■ **WORK INSTRUCTION**
Reproduce exactly the span of lines beginning at the one with "Industrial Brass Wall" and ending at the last line of the data below, omitting pictures.

+++ PROVIDED MATERIAL

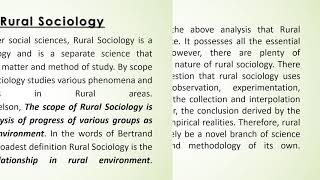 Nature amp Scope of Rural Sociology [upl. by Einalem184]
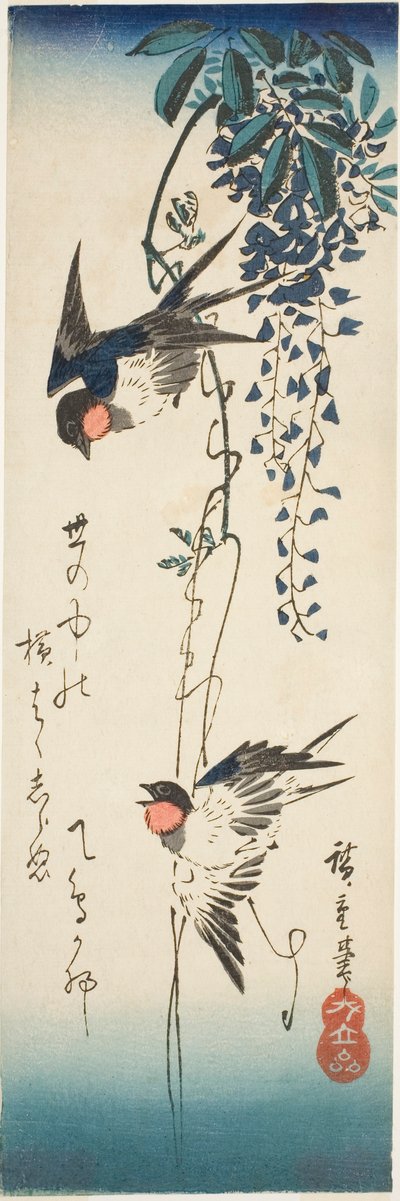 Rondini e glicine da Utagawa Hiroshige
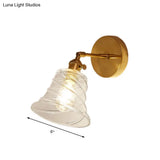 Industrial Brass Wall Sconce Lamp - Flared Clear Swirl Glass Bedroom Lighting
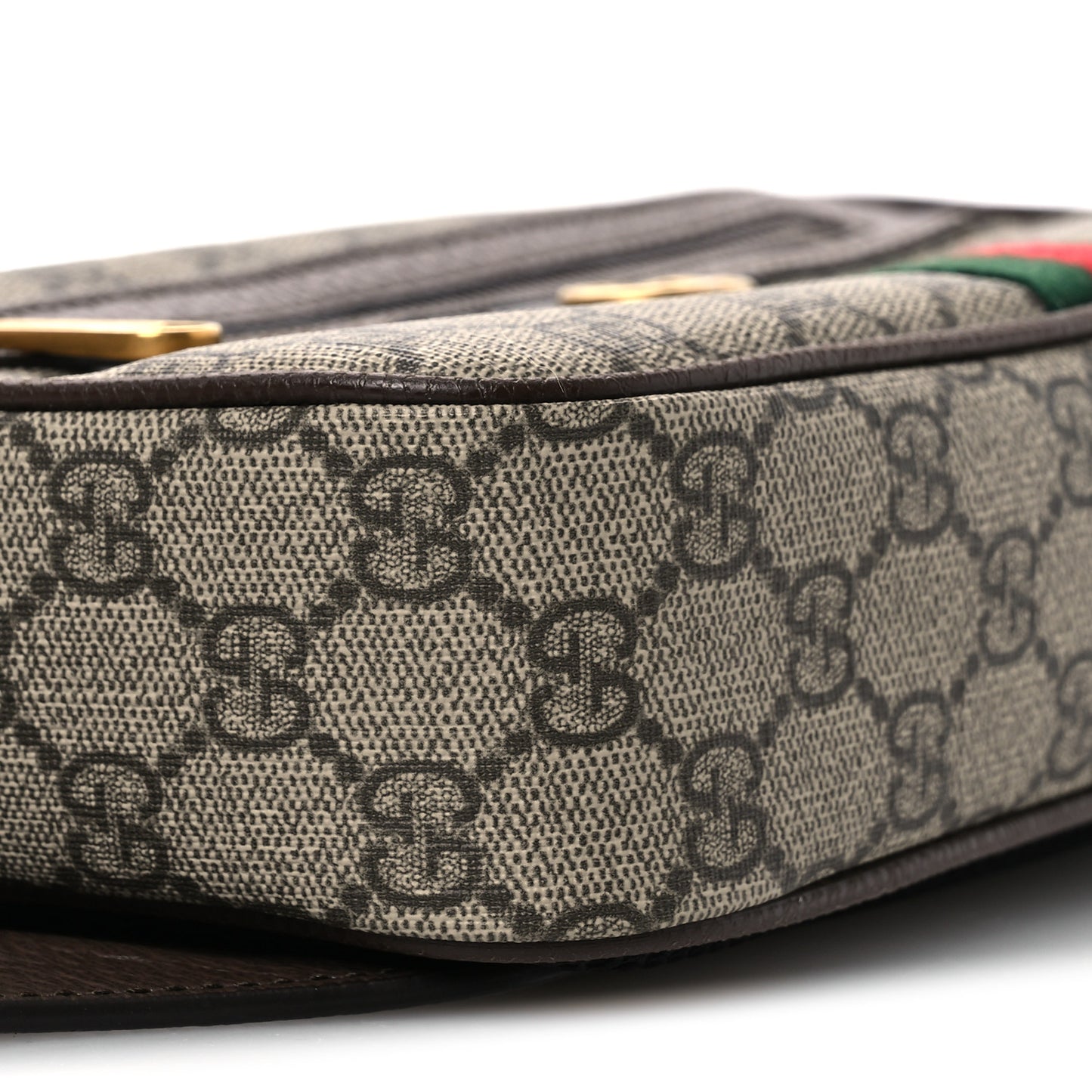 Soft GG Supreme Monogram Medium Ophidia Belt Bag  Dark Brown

++++++

■ **EXPECTED ANSWER**
 Industrial Brass Wall Sconce Lamp - Flared Clear Swirl Glass Bedroom Lighting
 Soft GG Supreme Monogram Medium Ophidia Belt Bag  Dark Brown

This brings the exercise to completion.